A aprovação do Plano Diretor, na Comissão Mista da Câmara Municipal de Goiânia, na última quarta-feira (5) teve o sim de 13 dos 14 presentes, com o vereador Mauro Ruben (PT) sendo o único a votar contra o projeto. A vereadora Aava Santiago (PSDB), que também esteva na votação e, portanto, votou sim, anunciou pelas redes sociais, porém, que decidiu não seguir com voto a favor. Em entrevista à Sagres, ela reforçou o posicionamento. “Decidi mudar o rumo, com a compreensão de que fui precipitada”, declarou.

Ouça a entrevista completa:

Segundo a vereadora, em um projeto como o Plano Diretor, extenso, não é possível extrair todas as mudanças que ele causará em uma leitura. “A minha experiência após a Comissão Mista tem sido a de ler o mapa e, junto com o texto, visualizar o cenário que não tinha conseguido compreender na primeira leitura”, explicou Aava. A psdbista reforçou que aliou a “escuta com estudos” para chegar a essa nova decisão.

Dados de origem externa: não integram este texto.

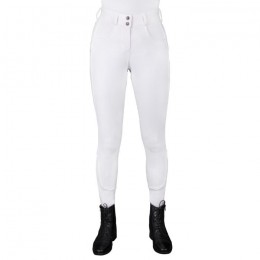 QHP FW'23 Riding Breeches Kae full grip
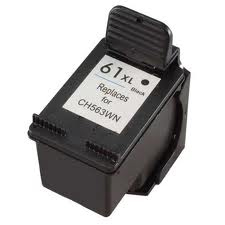 HP Officejet 4630 CH563WA x1 Black Comp.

Questionada sobre uma possível conveniência política para mudar de posicionamento, a vereadora reconheceu que o eleitorado dela tem capacidade para influenciar nas decisões que toma, mas que já teve discussões em relação a outros projetos, que optou por manter a decisão inicial por acreditar 100% naquela proposta, o que não ocorre agora com o Plano Diretor. ” Se resta margem de dúvida, de insegurança e se na leitura dos fatos eu fiquei desestabilizada, por que não mudar de ideia? Por que não mudar de rumo?”, salientou.

Aava detalhou o principal ponto que a fez mudar o posicionamento, com foco na questão ambiental. “Tem um aspecto que considero central, que foi a modificação do artigo 213, que anula a exigência de zona de segurança de proteção em torno de aterros de resíduos de Centros de Zoonoses e até mesmo da Estação de Tratamento de Água. Isso é muito grave”, disse.

A vereadora explicou que modificar zonas de proteção da barragem do João Leite abre “um precedente muito ruim”. “O texto que aprovamos – e eu me sinto muito constrangida por ter aprovado esse texto – passa de 500 [como veio do Paço] para 100 metros a zona de segurança de proteção em torno da barragem do João Leite, das captações públicas de água, da ETE e de aterros sanitários”.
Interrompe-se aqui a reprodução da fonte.